In our country, our leaders are not accountable to us. Even with a Public Participation Bill, we still have no way of evaluating our leaders. As young people, we have been hoodwinked. We are pawns, to be used then dumped by politicians.
I want to be there to represent the youth because the current crop of politicians forget about us as soon as they get elected.
Young people are adults who can articulate their own issues, so they should represent themselves. We suffer the most from bad governance.
Why the senatorial seat? Why not MCA or Woman Rep?
A lot of the issues I hope to influence can only be addressed through the Senate.
I have seen the frustration people have due to situations created by our political environment, and I want to do something about it.
It was always a matter of when, not if. As a senator, I would be able to interrogate the county government’s expenditure, to ascertain that resources are not being wasted and to work with the county government to channel resources to areas where they are needed the most.
The Senate makes me not just the gatekeeper and overseer, but also the watchman over the county’s resources. That’s an influential position and a huge responsibility.
Raising money to campaign is not easy. Who is funding your campaign?
Well-wishers who believe in my cause. Funding has been my biggest challenge, but I believe in living within my means, so I run my campaign the same way.
Do people tell you off because of your age?
My age has been a real issue. People only see the 23-year-old. They don’t see that she has ideas, represents something completely different from what is currently there. And this perception comes from old and young people alike.
We have been brought up and socialised to believe that young people have no say, have no right to do anything in the country. I am confident I can change the perception eventually, but there’s still a long way to go.
How do you convince people you’re the right person for the job?
I ask them to list what have achieved from the older and experienced politicians whom we have traditionally voted into office. These so-called experienced politicians have done nothing. Unemployment among the youth is high and we are still plagued by the problem of security.
So, we might as well vote for a fresh face. If the only contribution I make is to encourage young people to realise their potential, I will be more than happy, but I want to lead from the front.
Did you ever consider supporting one of the current aspirants?
I have nothing against the other aspirants. But I feel they represent a political class that has neglected the youth, that uses us only when they need us.

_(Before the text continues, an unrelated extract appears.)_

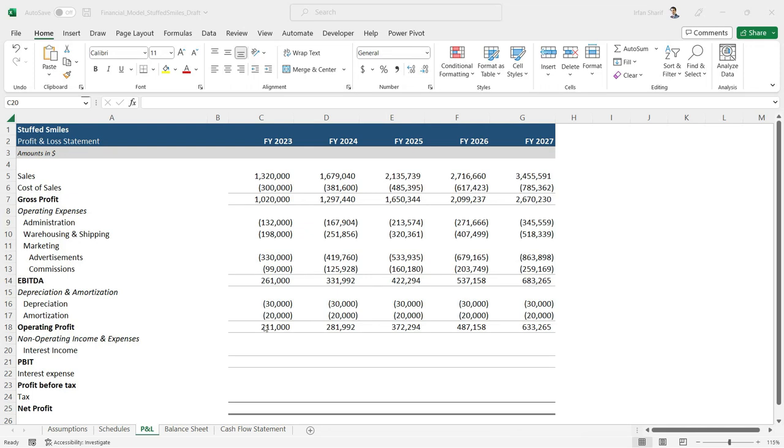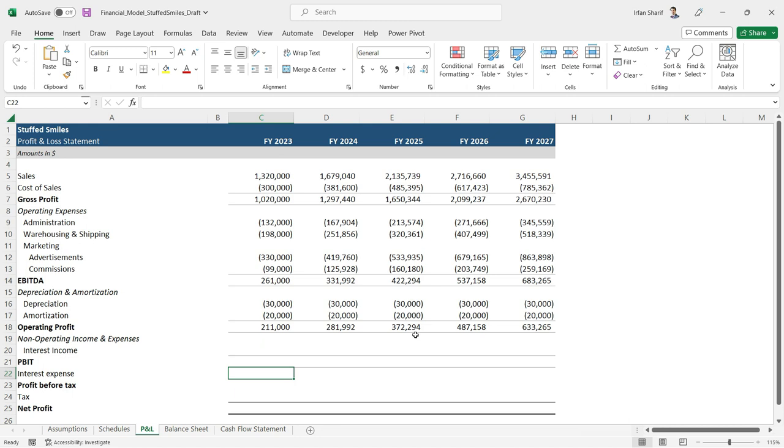The next line item on our profit and loss statement is interest expense. Interest expense is applied on the borrowing - the percentage rate of interest will be applied on the amount borrowed.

My issue is with what they represent. They bring with them the baggage of their political parties, corruption, division and tribal affiliations. I do not carry that baggage.
The next generation needs to be shown the right way to do things and I am willing to be the pioneer.
How hard has it been to assert yourself in a male-dominated field?
There’s some negative energy out there, but that’s okay because the mind is the first place where the battle for a better Nairobi is going to be won.
There are people who get shocked when they hear I’m running for Senate. They’ll be like, ‘Wow! That’s tough against NASA and Jubilee!’ My challenges include my gender as a woman and age as a youth.
Our society is used to defining what one should be and do, at what stage in life you ought to be at. If I stayed where they want me to be as a woman and a youth, we would all remain stuck in limbo.
What has the campaign been like so far?
The campaign has been excruciatingly tough, but I am happy with the work I have done so far. It’s been emotionally draining, but I am reassured by the people I meet and the experiences they share with me. I no longer have a social life, but that is a small sacrifice I am willing to make.
How confident are you that you will change the current system?
I am not tainted by corruption, and I am confident I won’t be corrupted. It is about having the right people, so I will get the right people in so the systems can run the way they are supposed to.
Who do you consider your strongest opponent?
There are seven people vying for the senatorial seat and I am the only woman. I consider all of them worthy opponents.